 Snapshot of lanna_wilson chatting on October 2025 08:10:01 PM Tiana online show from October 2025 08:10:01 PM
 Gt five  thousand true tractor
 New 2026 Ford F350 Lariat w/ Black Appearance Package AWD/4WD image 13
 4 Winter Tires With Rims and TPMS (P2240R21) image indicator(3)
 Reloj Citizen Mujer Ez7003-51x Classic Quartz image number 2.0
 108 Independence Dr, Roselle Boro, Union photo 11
* * *
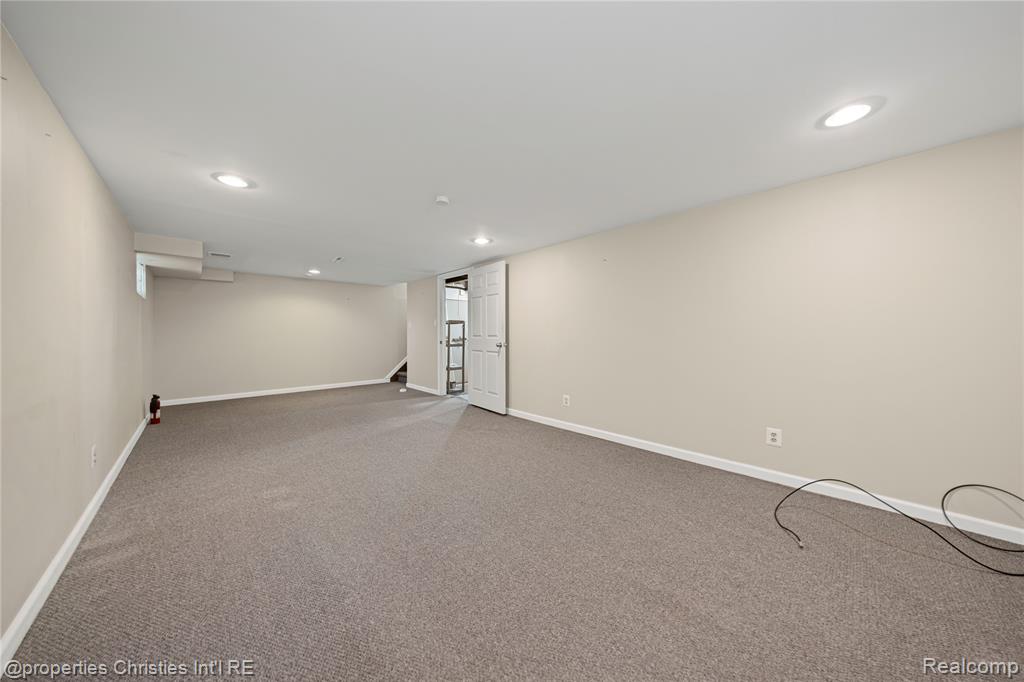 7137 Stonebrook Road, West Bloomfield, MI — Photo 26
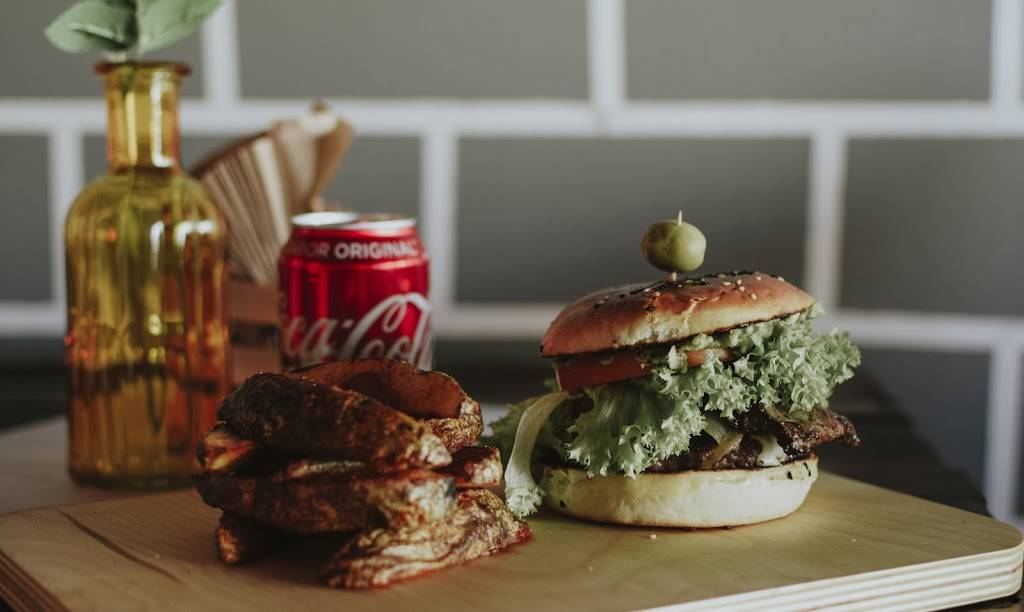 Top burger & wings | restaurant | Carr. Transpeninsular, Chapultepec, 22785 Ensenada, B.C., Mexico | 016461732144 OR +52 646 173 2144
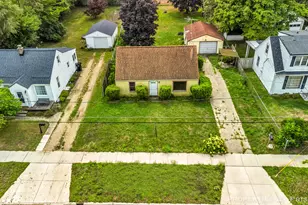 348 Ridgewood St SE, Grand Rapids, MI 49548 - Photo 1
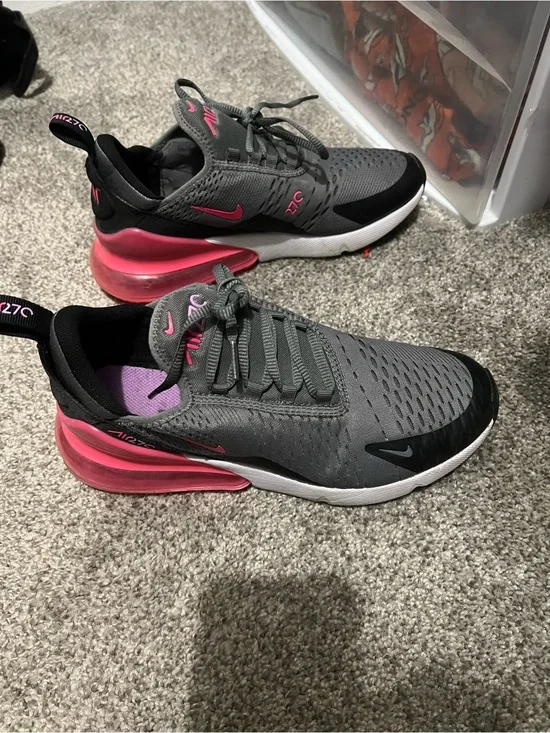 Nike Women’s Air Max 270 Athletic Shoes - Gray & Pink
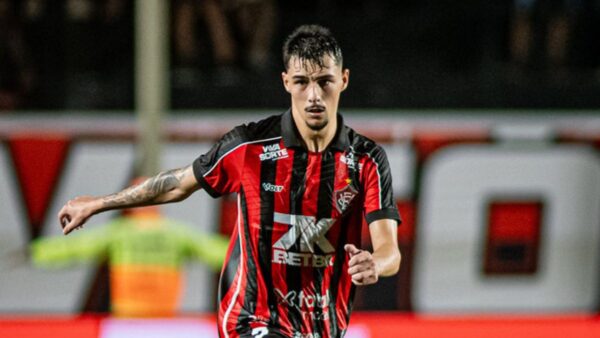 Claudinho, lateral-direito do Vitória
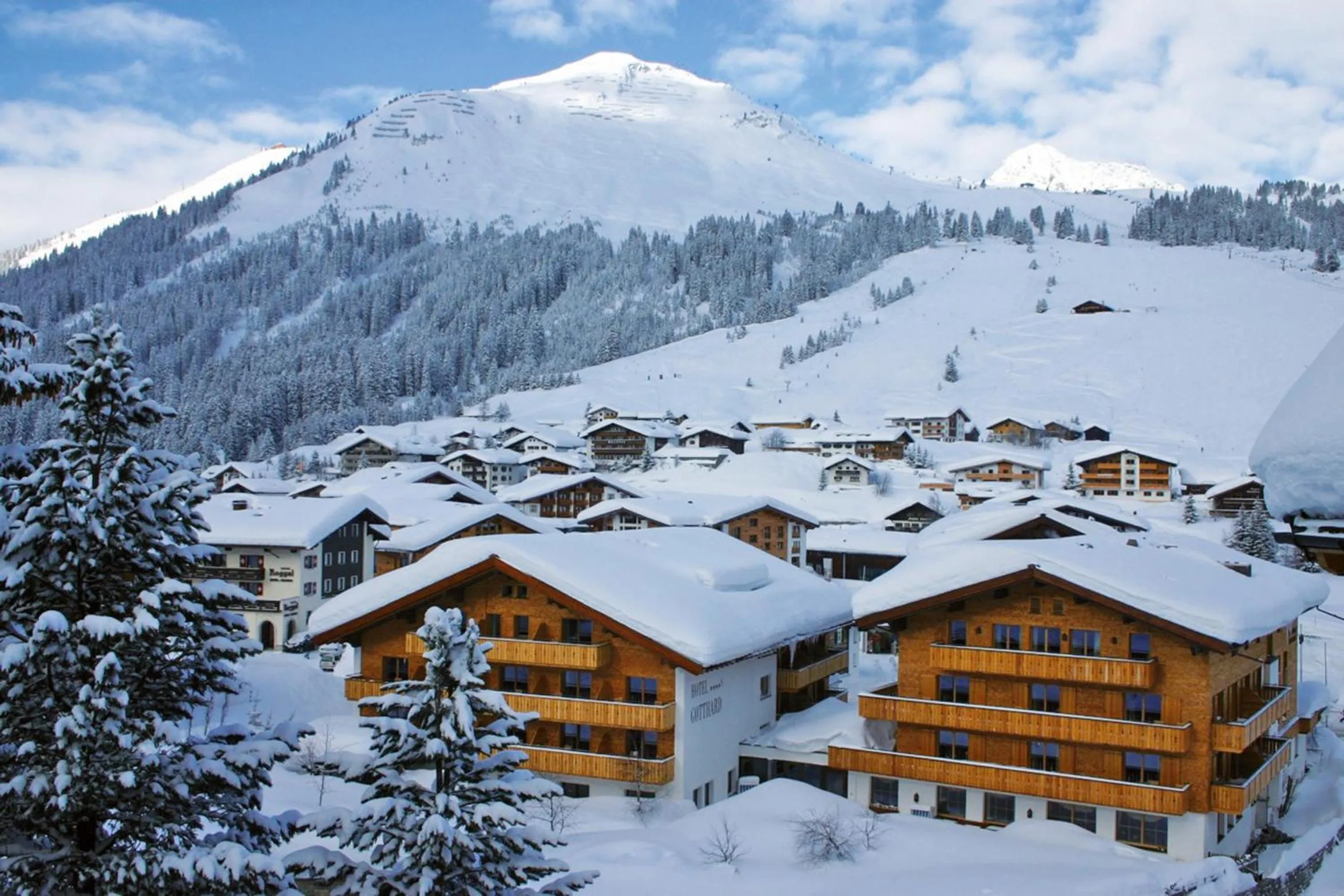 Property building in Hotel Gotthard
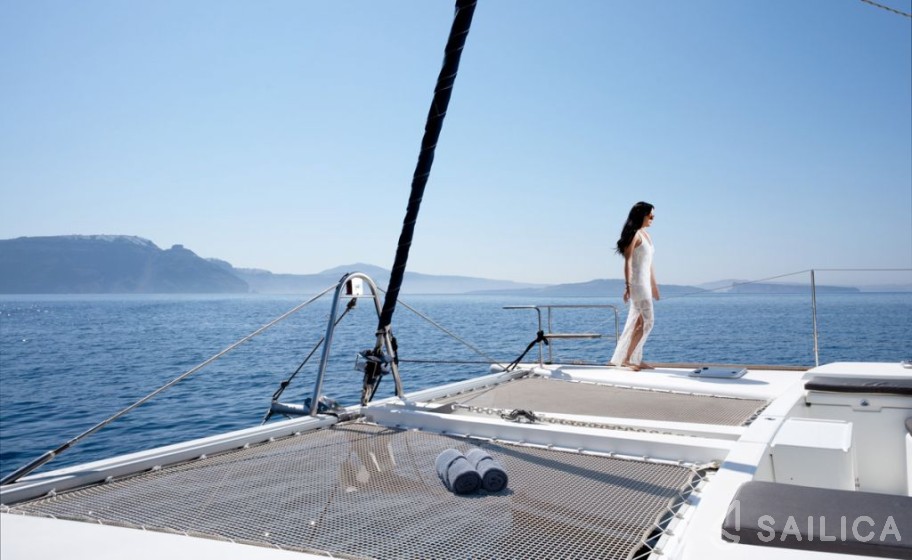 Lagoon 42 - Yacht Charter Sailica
==
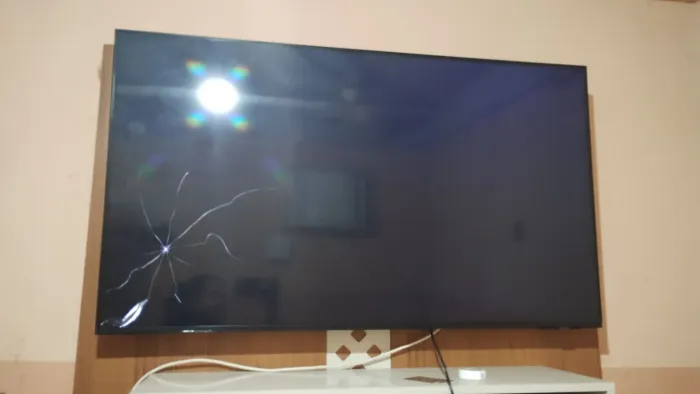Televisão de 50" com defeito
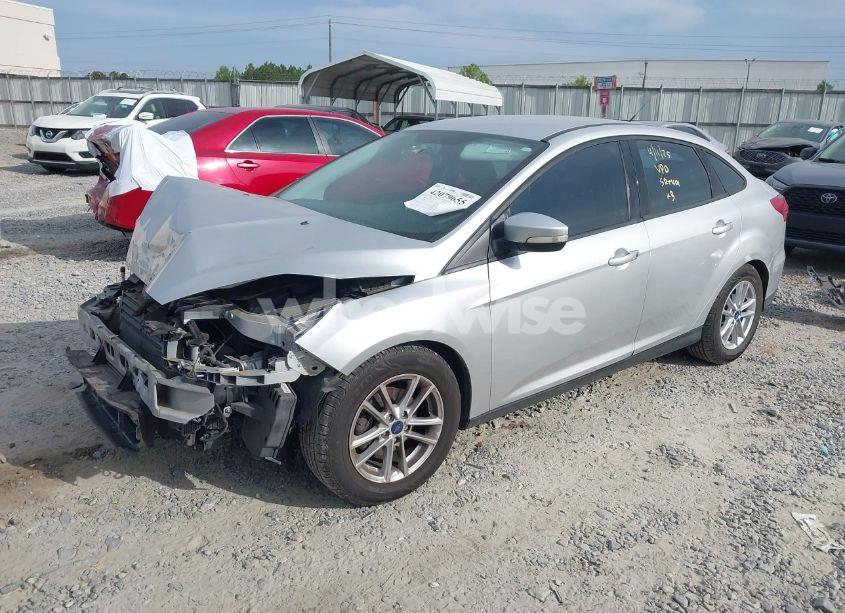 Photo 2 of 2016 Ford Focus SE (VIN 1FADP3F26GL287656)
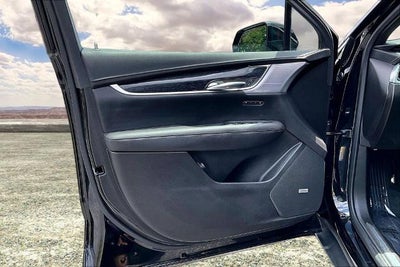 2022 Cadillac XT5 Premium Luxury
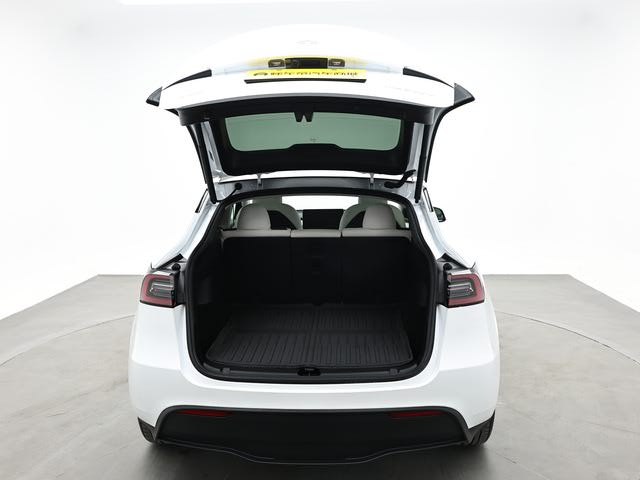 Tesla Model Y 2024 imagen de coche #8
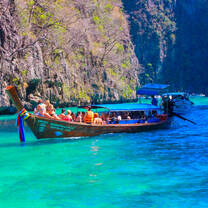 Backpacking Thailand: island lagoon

** What is expected **
Range to print from the listing above: from the line with "7137 Stonebrook Road, West" up to and including the line with "Claudinho, lateral-direito do Vitória". Please print those lines exactly, with no pictures and nothing more.

** Exercise result **
 7137 Stonebrook Road, West Bloomfield, MI — Photo 26
 Top burger & wings | restaurant | Carr. Transpeninsular, Chapultepec, 22785 Ensenada, B.C., Mexico | 016461732144 OR +52 646 173 2144
 348 Ridgewood St SE, Grand Rapids, MI 49548 - Photo 1
 Nike Women’s Air Max 270 Athletic Shoes - Gray & Pink
 Claudinho, lateral-direito do Vitória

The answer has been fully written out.